## AVAILABLE RECORDS:
::::::::::

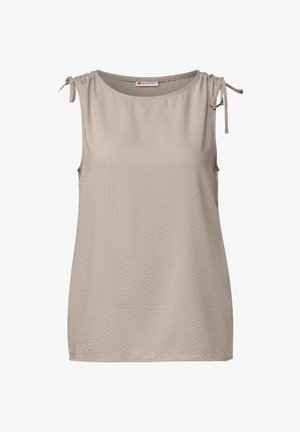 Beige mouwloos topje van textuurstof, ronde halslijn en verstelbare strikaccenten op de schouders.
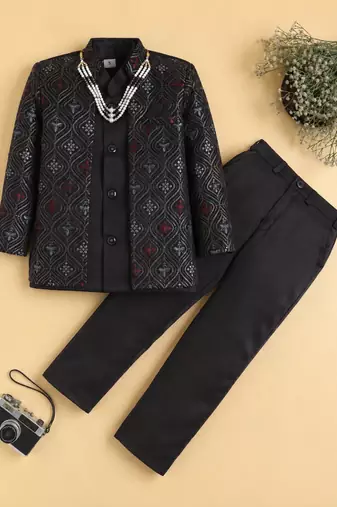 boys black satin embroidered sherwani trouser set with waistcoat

::::::::::

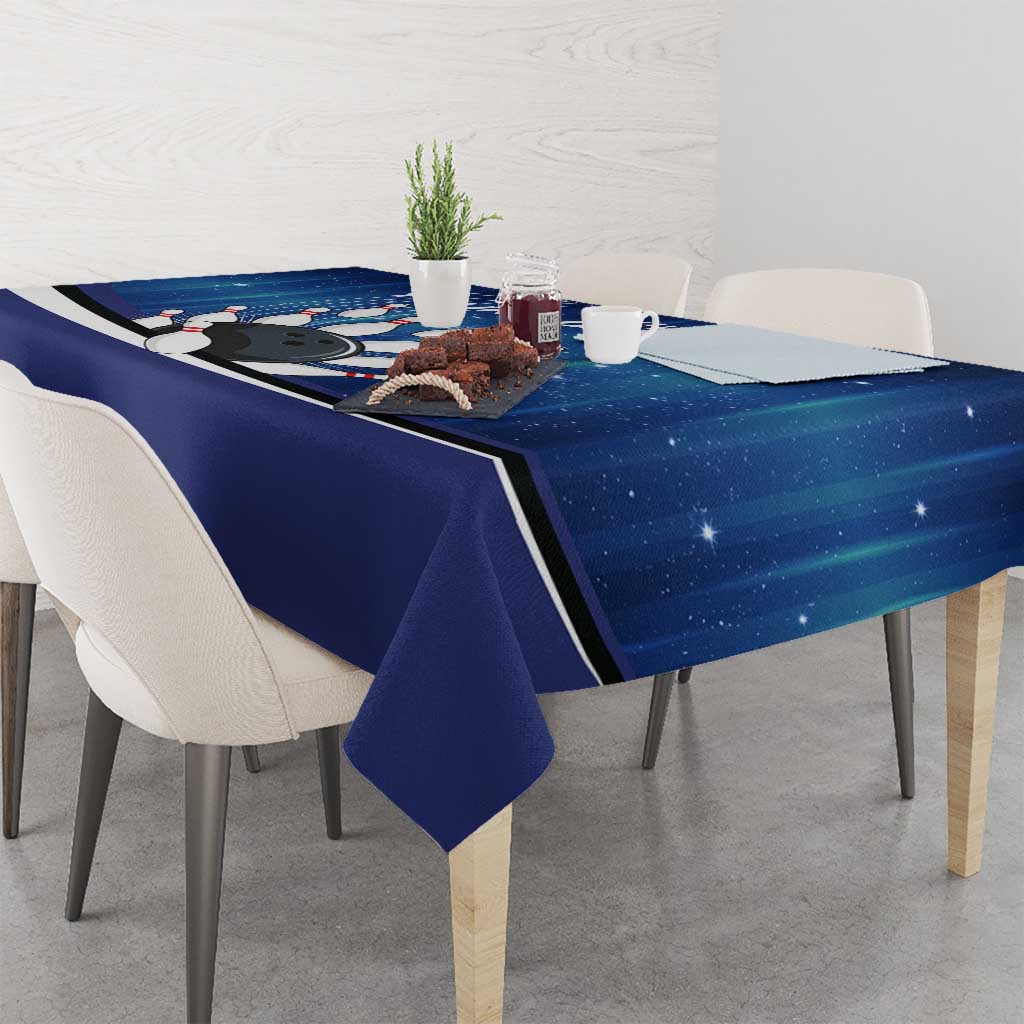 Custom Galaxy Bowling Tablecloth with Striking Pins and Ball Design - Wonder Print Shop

::::::::::

## YOUR INSTRUCTIONS:
Take the material above from the line containing "Beige mouwloos topje" up to and including the line containing "boys black satin" and retype it exactly, without any pictures.

## SOLUTION FOR THIS EXERCISE:
 Beige mouwloos topje van textuurstof, ronde halslijn en verstelbare strikaccenten op de schouders.
 boys black satin embroidered sherwani trouser set with waistcoat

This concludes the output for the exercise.